[Cryptography] The GOTO Squirrel! [was GOTO Considered Harmful]

Peter Gutmann pgut001 at cs.auckland.ac.nz
Fri Feb 28 20:33:14 EST 2014

"Dennis E. Hamilton" <dennis.hamilton at acm.org> writes:

>It is not about the code.  It is not about the code.  It is not about goto.
>It is not about coming up with ways to avoid introducing this particular
>defect by writing the code differently.
>I say this is all about the engineering and delivery process that allowed
>this gaff to be introduced into production code for a security-important
>procedure and allowed to remain there until someone noticed externally.  The
>coding style could have been perfect, with the code still not establishing
>security correctly and it would have been put into the live release, all else
>being equal.

I was just about to say the same thing.  Even if you rewrote the entire think
in Haskell (the newspeak of programming languages in which it's impossible to
write incorrect code[0]), you can still produce something where some crypto
check is missed.  This isn't an issue of coding style, it's one of software
engineering practice (or lack thereof).

>There are innumerable ways the particular defect could have been detected and
>remedied well before the code was committed to the code base.  A walkthrough
>would likely catch it, assuming a skilled human other than the original
>programmer simply read through it.  I bet explaining it on a walkthrough
>would have led the originator to notice it.

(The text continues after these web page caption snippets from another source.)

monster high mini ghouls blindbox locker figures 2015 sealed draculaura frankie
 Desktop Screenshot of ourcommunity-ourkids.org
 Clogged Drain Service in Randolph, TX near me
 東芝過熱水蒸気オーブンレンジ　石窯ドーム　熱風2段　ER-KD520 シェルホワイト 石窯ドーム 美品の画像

This could be, and should have been, caught with automated testing.  The
problem is that most (all?) testing of this type of code is along the lines of
"do the things that should happen, happen?", with very little testing of "do
the things that shouldn't happen, not happen?".  What happens if a bit in the
SSL handshake is flipped?  What if a bit in the payload data is flipped?  What
if the server presents cert A and signs with cert B?  What if a bit in the
signed DH parameters is flipped?  What if the hash has a valid signature but
it's the wrong hash for the data?  (Those are all self-checks that my code
performs, if there's anything else obvious that I've missed I'd love to hear
about it so I can add checks for that too).  These are trivial, automated
checks that you can run before you ship, and several of them would have caught
Apple's bug (the signature wasn't checked at all, so wrong-key, DH-parameter-
manipulation, and valid-sig-on-wrong hash would all have caught the problem).


[0] Some advocates of Haskell actually seem to believe this, which always
    provides for much entertainment during discussions.